Central Catholic coach Ryan Lehmeier said that Vernon Settles has a smile that lights up a room, but it’s another of Settles’ abilities, Lehmeier added, that helps enable the talented senior receiver to light up opposing defenses.
“On top of him being exceptionally talented, and I know this is a bold statement, but I don’t think I’ve ever coached anyone that has a better feel for the game of football like Vernon Settles,” Lehmeier said. “He sees the big picture. You can tell football is in his blood, and he has such a great feel for what he’s doing.”
What Settles has done is establish himself as one of the WPIAL’s elite wide receivers, something that has flown a bit under the radar due to Central Catholic’s plethora of Power Five recruits, of which Settles is not one. But when you take into account his numbers, not only this season but throughout his career, it’s easy to see why Lehmeier speaks so highly of the two-time all-conference pick.

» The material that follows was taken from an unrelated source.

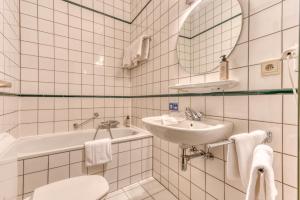 een wit betegelde badkamer met een wastafel en een toilet bij Hôtel Le Cor de Chasse in Saint-Hubert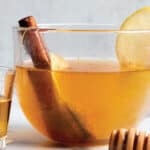 A glass coffee mug with tea steeping in hot water with a honey comb stick and shot of bourbon.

Friday, Settles and his teammates will begin their quest for a WPIAL Class 6A championship when No. 1 Central Catholic (9-1) takes on No. 4 Mt. Lebanon (5-5) in a semifinal at Fox Chapel. Central Catholic, which beat Mt. Lebanon, 49-0, in September, is seeking its first title since 2020. The Vikings fell to North Allegheny in last year’s final.

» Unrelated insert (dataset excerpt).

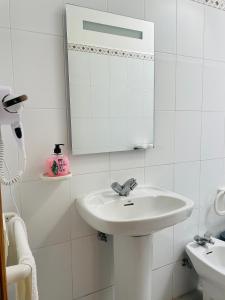 Baño blanco con lavabo y espejo en Apartamentos azayara en Frontera
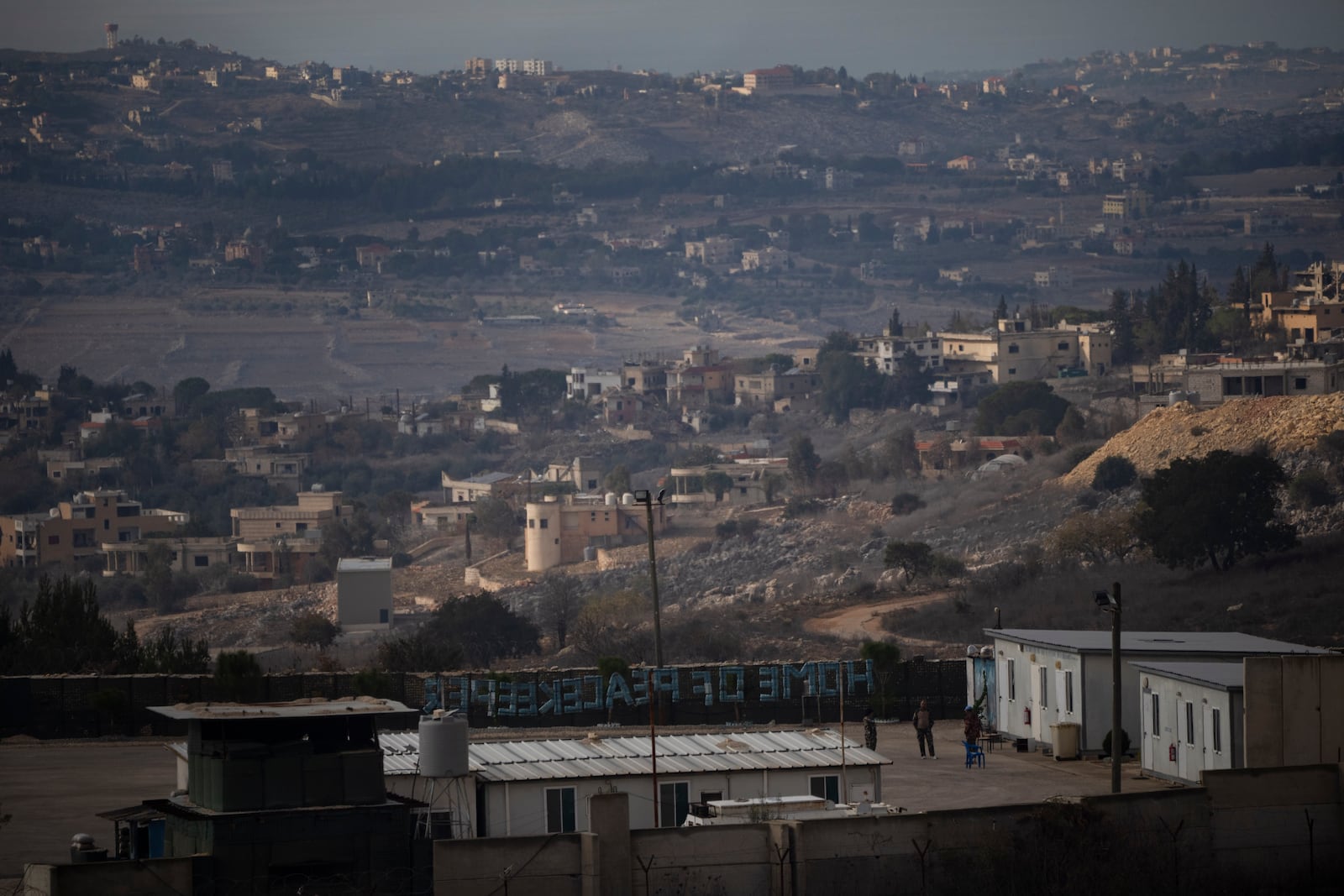 UN soldiers stand at a base of the United Nations peacekeeping forces in Lebanon (UNIFIL) at the Israeli-Lebanese border, as seen from the Kibbutz Manara, northern Israel, Thursday, Nov. 28, 2024. (AP Photo/Leo Correa)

Settles, who lives in Elizabeth, has strong bloodlines in the sport. His father, Vernon, was a standout quarterback at Steel Valley High School who led the Ironmen to a conference title in 1997. His uncle (dad’s brother) is Charlie Batch, who also starred at Steel Valley and spent more than a decade as a quarterback in the NFL. Oh, and if that’s not enough, one of Settles’ cousins is Terrelle Pryor. The two share the same grandmother.
“Huge,” Settles said of his family’s love for football. “That’s all we talk about.”

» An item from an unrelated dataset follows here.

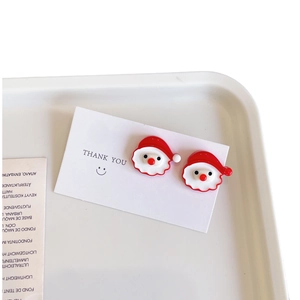 Boucles d'oreilles Père Noël mignonnes en émail rouge et blanc sur une carte cadeau blanche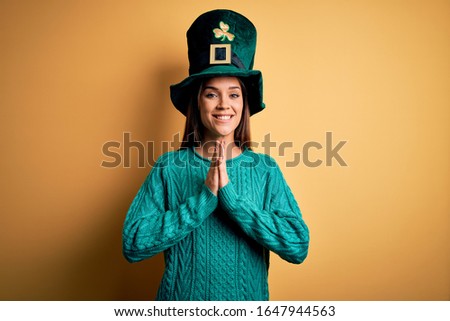 Young beautiful brunette woman wearing green hat with clover celebrating saint patricks day praying with hands together asking for forgiveness smiling confident.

Young Vernon’s talent and production has likely been a common talking point in recent years. Settles (5 feet 11, 160 pounds) is one of the WPIAL’s active leaders in career catches and yards. His four-year total, which includes his freshman season at Elizabeth Forward, stands at 122 receptions, 1,633 yards and 14 touchdowns. Settles leads Central Catholic in receptions for the second year in a row. His 39 catches actually lead all of WPIAL Class 6A. Settles has turned those receptions into 611 yards and eight touchdowns. A season ago, he hauled in 54 catches for 660 yards and two touchdowns.
“He’s had a really good season,” Lehmeier said. “We challenge him every week and ask him to do a lot of things.”
Settles also plays safety and returns kicks and punts, but it’s his work at receiver that has played a big part in Central Catholic averaging 45.7 points per game. Behind the outstanding play of quarterback Payton Wehner (2,456 yards, 32 touchdowns), the Vikings have scored at least 42 points in all but one game. Settles teams with Penn State recruit Peter Gonzalez (34 catches, 891 yards, 12 touchdowns) to give the Vikings one of the top receiver duos in the state. Jacob Sassic (24 catches, 513 yards, 7 touchdowns) and Cole Sullivan (22 catches, 250 yards, 4 touchdowns) have been reliable targets for Wehner, as well.
“I think Payton is the best quarterback in the state and I think Pete is the best receiver in the state. Teams can’t stop us,” Settles said.
Like his father and uncle, Settles played quarterback growing up. He quarterbacked teams from when he first suited up for the Steel Valley Termites all the way up until his freshman season at Elizabeth Forward. But Settles made a position change that season, and it continues to pay off.
“You’ll sometimes hear that a guy is stiff. Vernon is exceptionally loose,” Lehmeier said. “He has a great ability to get in and out of cuts and to make plays in space, and he’s physical enough that he can get in a phone booth and fight you, too. He may not be the biggest kid, but he packs a punch.”
That size has played a part in Settles not receiving the big-time offers that some of his teammates have been dealt. But that’s not to say he’s not in demand. Akron, Duquesne and Monmouth have all offered, and Lehmeier said a few other schools have been showing interest. Going to a MAC school certainly worked out for one member of Settles’ family. Batch starred at Eastern Michigan before taking his talents to the NFL.
Settles said he and Batch are close. Batch attends many of his games, Settles said, adding that he is a regular at Batch’s house for Thanksgiving dinner.
Settles hopes to talk about his team winning a WPIAL title while at the dinner table tackling turkey and stuffing later this month. The holiday falls five days after the WPIAL championship is held Nov. 18 at Norwin High School. Settles accounted for two touchdowns in last year’s championship loss.
What’s interesting is that Settles will face his old coach for the second time this season Friday. First-year Mt. Lebanon coach Mike Collodi spent the previous eight seasons at Elizabeth Forward.
Settles has done a lot of winning in his career — his teams have gone 33-10 — but he has never won a WPIAL title. In fact, he has played on three teams that have finished as the runner-up.
But with two more wins, that narrative will change.
“It would mean everything,” Settles said. “Right now I’m 0-3, but I’m pretty sure this is our year.”